J Neurotrauma. 2010 Mar;27(3):627-37.

Protective effect of melatonin upon neuropathology, striatal function, and memory ability after intracerebral hemorrhage in rats.

Lekic T, Hartman R, Rojas H, Manaenko A, Chen W, Ayer R, Tang J, Zhang JH.

Source

Department of Physiology and Pharmacology, Loma Linda University Medical Center, Loma Linda, California 92354, USA.

Abstract

Since free radicals play a role in the mechanisms of brain injury after hemorrhagic stroke, the effect of melatonin (a potent antioxidant and free-radical scavenger) on outcomes was investigated after intracerebral hemorrhage (ICH) in rats.
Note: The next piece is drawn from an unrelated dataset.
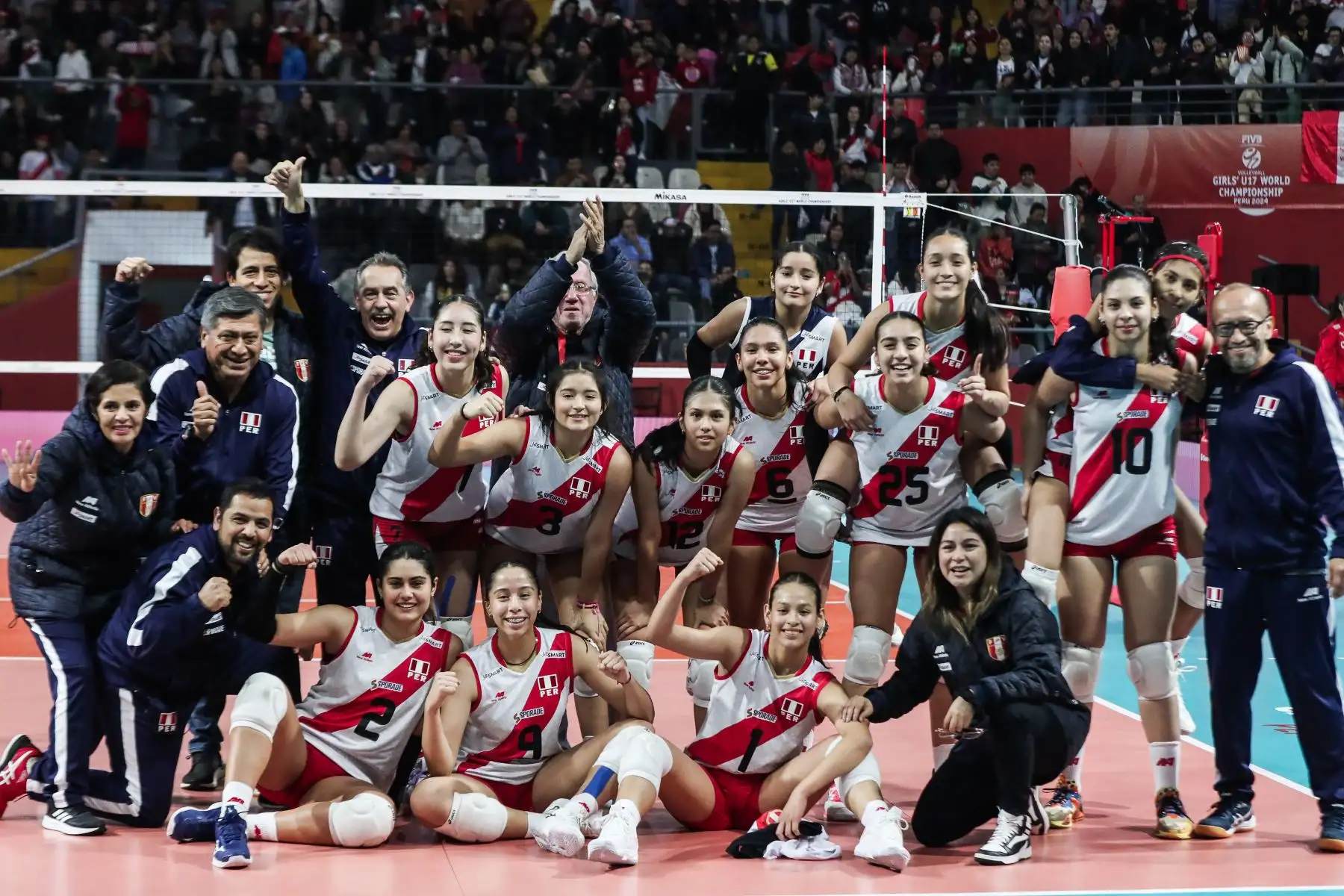 La bicolor se impone ante Turquía por 3 sets a 1 en el partido por la clasificación del quinto al octavo puesto del Mundial de Vóley sub 17 en el Coliseo Dibós. Foto: ANDINA/ Connie Calderon
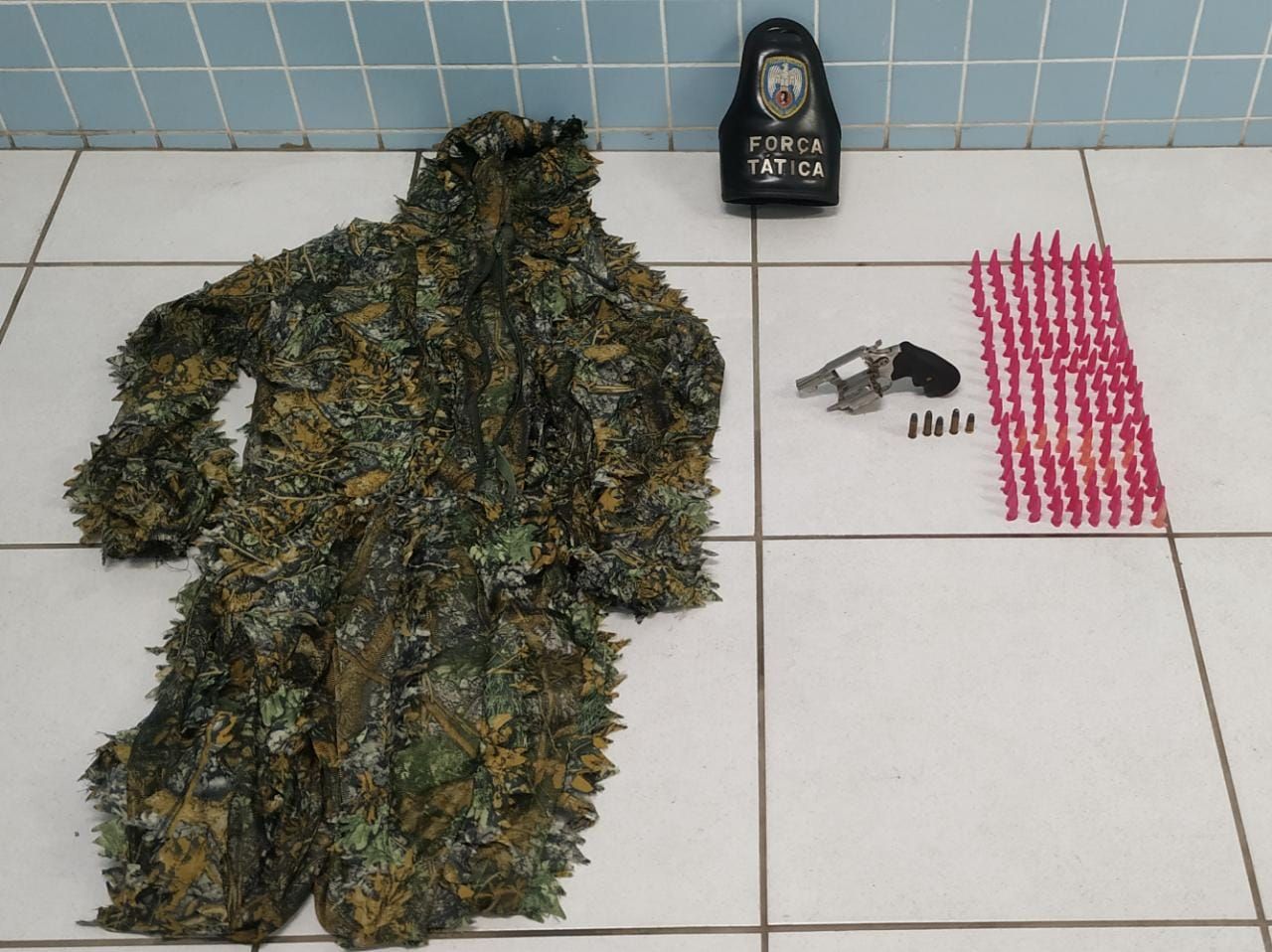 Roupa foi encontrada em sacola com drogas, munições e arma (Foto: Divulgação/ PMES)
ICH was induced by clostridial collagenase infusion into the right caudate putamen, and several time points and doses of melatonin were studied. Brain edema and neurological function at 24 h were unchanged in comparison with vehicle-treated groups, in spite of oxidative stress reductions. Repeated treatment with the lower dose of melatonin (5 mg/kg) given at 1 h and every 24 h thereafter for 3 days after ICH, led to normalization of striatal function and memory ability over the course of 8 weeks, and less brain atrophy 2 weeks later. These results suggest that melatonin is safe for use after ICH, reduces oxidative stress, provides brain protection, and could be used for future investigations of free radical mechanisms after cerebral hemorrhage.